Aurora Bio revealed data from the use of its AUR01 novel PET radiotracer for systemic amyloidosis that showed strong results in uptake and retention, but also experienced some adverse events.
The synthetic peptide radiotracer is designed to bind many forms of amyloid, including AL, ATTR and ALECT2. Currently, no radiotracers are approved in the U.S. for non-invasive quantitative measurement of systemic amyloid disease, according to a news release. Amyloid is an abnormal protein that is produced in the bone marrow, according to Mayo Clinic. It can be deposited in any tissue or organ and frequently the heart, kidneys, liver, spleen, nervous system and digestive tract.
A clinical study of 18 patients included AL, ATTR and ALECT2 patients with biopsy-proven amyloidosis and adequate renal function. The trial’s primary endpoint included safety and dosimetry estimation, with a secondary endpoint of efficacy.
The AUR01 demonstrated retention in the heart, kidneys, liver, spleen, pancreas, bone marrow, lung and adrenal gland of AL patients. Cardiac uptake of the device was observed in 83% of AL patients and 100% of ATTR patients. No clinical symptoms of cardiac disease appeared in 50% of the AL and ATTR patients with cardiac uptake, while cardiac biomarkers were normal.

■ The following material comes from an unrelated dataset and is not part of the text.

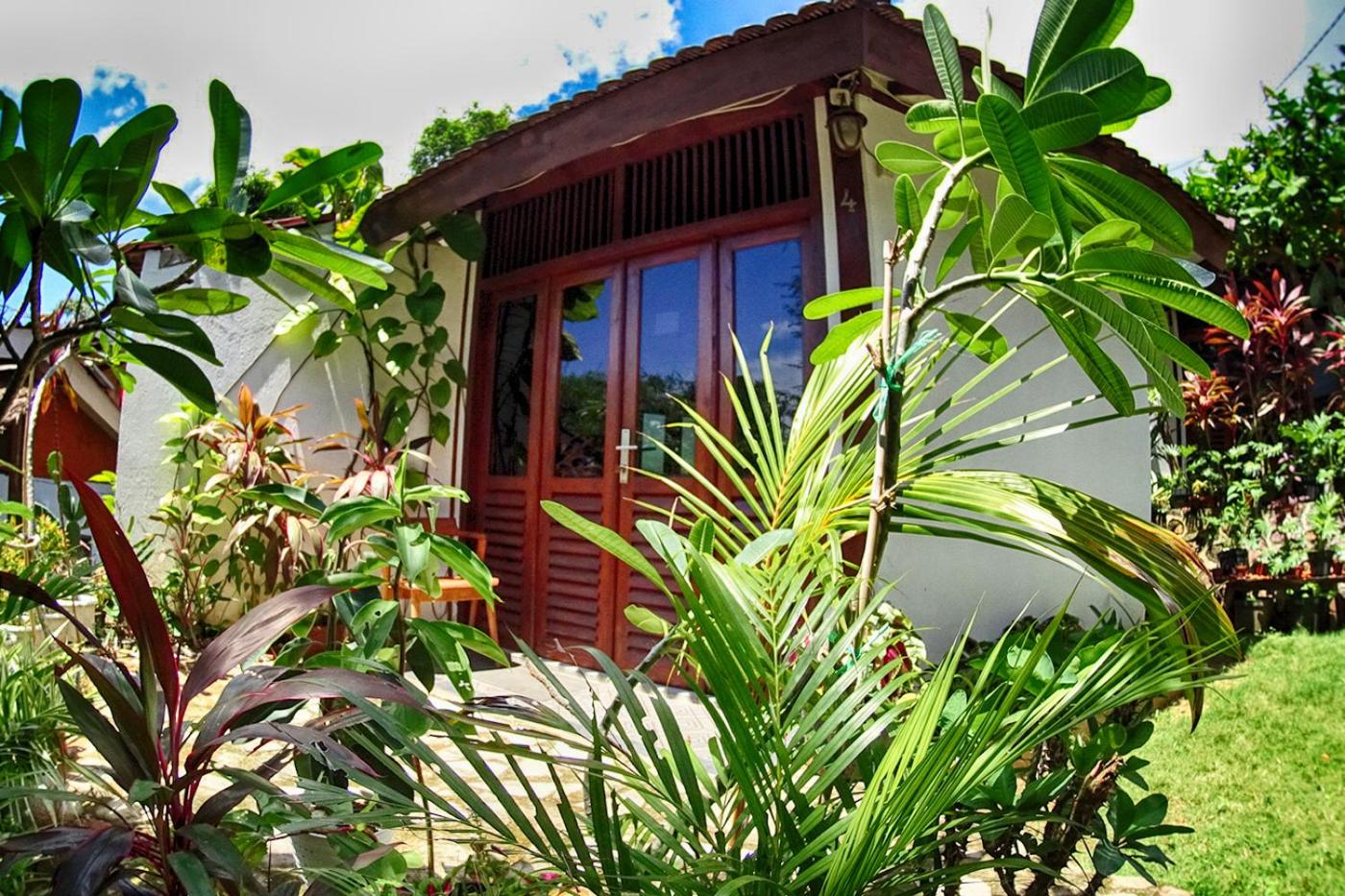 Ayu Hotel Karimunjawa 2/50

Aurora observed kidney, spleen and liver retention in 67%, 42% and 42%, respectively, in AL patients. Lung retention was observed in all ATTR patients and nerve and tendon/ligament retention was observed in 75% of ATTR patients.

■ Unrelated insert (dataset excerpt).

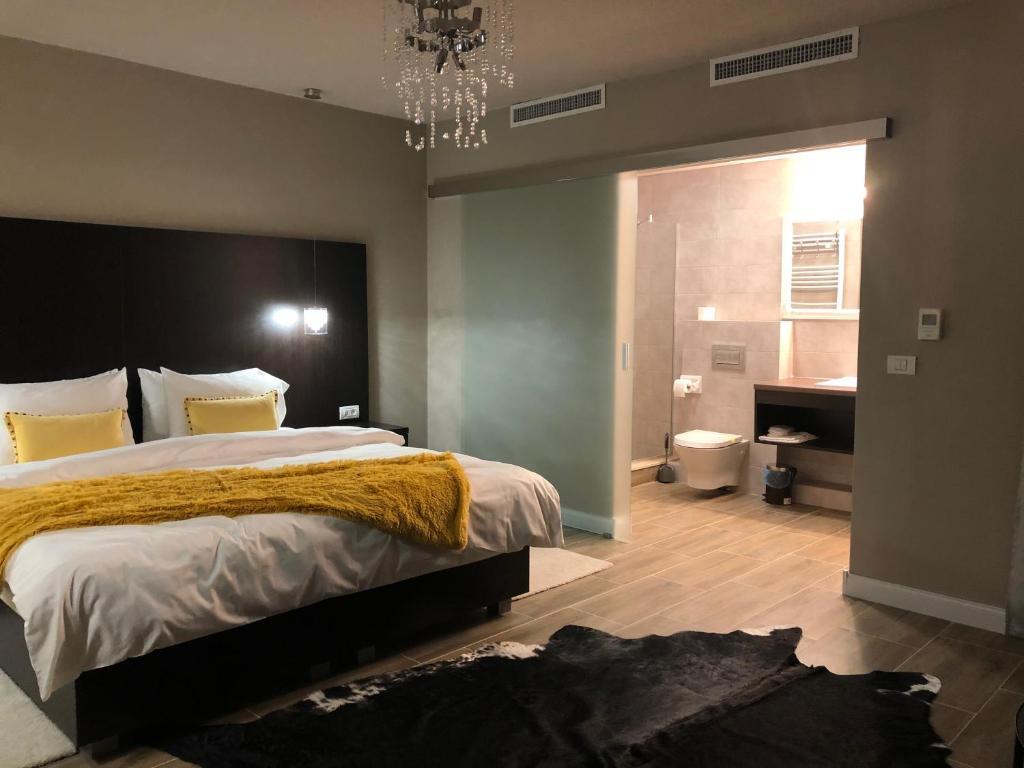 Vila Roca Hotel and SPA - 604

There was one serious adverse event observed during the trial, with a volume overload due to discontinuation of a diuretic. However, it was not deemed related to the AUR01. Other adverse events were observed but were mild. The use of potassium iodide pills, a requirement for radioprotection of the thyroid, caused the adverse events, which resulted in symptoms such as metallic taste, rash, nausea and upset stomach, the company reported.
Aurora concluded that the data indicates the ability to provide quantitative detection of systemic amyloidosis in multiple organ systems, while also having general utility in detecting and monitoring amyloid burden in many forms of amyloidosis.
“These diseases are truly systemic, yet the ability to determine the extent of organ involvement has been limited by current technologies,” Aurora CEO Spencer Guthrie said in the release. “The data also provide hope that we may be able to detect asymptomatic patients and patients early in their disease course. We are actively planning further studies to determine the ability of AUR01 to measure chance in amyloid over time, either progression or improvement post-therapy. We continue to believe this compound has the potential to change the way systemic amyloidosis is diagnosed and monitored and holds great potential to provide for efficient drug development for new targeted therapeutics, including Aurora Bio’s own therapeutic programs.”
“The ability to detect and quantify the full amyloid burden in patients could dramatically change the way we diagnose, manage and treat systemic amyloidosis patients,” added Mayo Clinic professor of medicine Morie Gertz. “One of the greatest challenges is diagnosing patients early and AUR01 holds promise in detecting amyloid early so we can intervene when treatments are most effective. Detecting asymptomatic disease could open a new avenue for developing treatments before the organ damage is severe.”
“We are thrilled about the potential for a new diagnostic tool for systemic amyloidosis,” said Amyloidosis Research Consortium CEO Isabelle Lousada. “The average patient journey to get a proper diagnosis can take years, and the clinical picture about what organs are affected is often incomplete. Now that we have entered a new stage with approved drugs for ATTR and those in development for AL, it is even more important that patients get an early diagnosis.”